Rome had long recognized the value of borderland riverside sites. This finds ancestry in the origin stories of Rome itself, founded on the Tiber frontier between Etruscan and Latin peoples. 45 The choice of the site of London finds closer parallel in the colonial foundation at Lyon (Lugdunum). Here an earlier Gallic settlement at the confluence of the Rhône and Saône gained political centrality through the conquest of Gaul, resulting in the foundation of a Roman colony by the governor Plancus to house a community of citizens expelled from Vienne. 46 The city was subsequently developed into the main base from which the Roman forces on the Rhine were supplied, and transformed into an emporium by Agrippa and Augustus in preparation for campaigns in Germany. 47 This involved the construction of new facilities on the navigable rivers and a network of roads, largely for military purposes. The main difference is that at Lyon these functions accrued to a formally constituted city, designed to accommodate resettled citizens. There was no need to give London an equivalent political identity. Other Roman riverside cities at politically liminal locations included Cologne (Colonia Claudia Ara Agrippinensium) and Mainz (Moguntiacum) on the Rhine, and York (Eboracum) on the boundary of the Brigantes and Parisi at the confluence of the rivers Ouse and Foss. 48 Nicholas Purcell has described how these rivers were neutral spaces between debatable terrains, but also arteries in the inter-regional negotiation of trade, supply and government. 49 In all cases the cities were used as instruments of imperial domination, but drew authority and legitimacy from the potency of their river locations.
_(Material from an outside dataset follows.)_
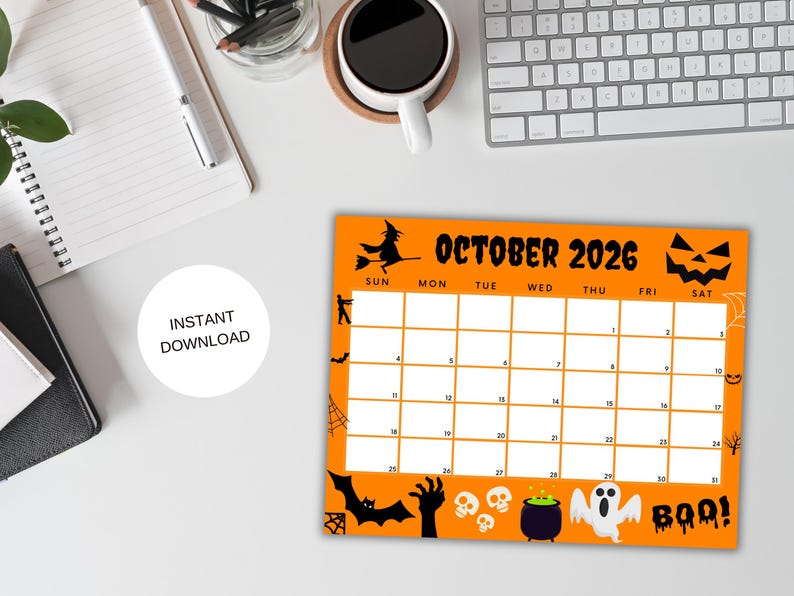 Editable October 2026 Calendar, Printable Halloween Calendar Orange W ...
London was in many regards an unusual case. Most Roman cities drew either on the urbanizing ambitions of pre-existing communities, or came into being as organized settlements of colonists supported by land grants within a surrounding territorium. Some sites, Lyon and Colchester amongst them, could be both: where a new colony was settled onto an earlier centre. London appears to have been neither. As a consequence, we can imagine a more tenuous link between land-ownership and social power than was normal. If London came into being without the involvement of a resident, land-owning elite society this helps to explain the later vulnerability of the site to cyclical growth and contraction. Government offices and business interests enjoyed fewer ties to the land, and were naturally transient.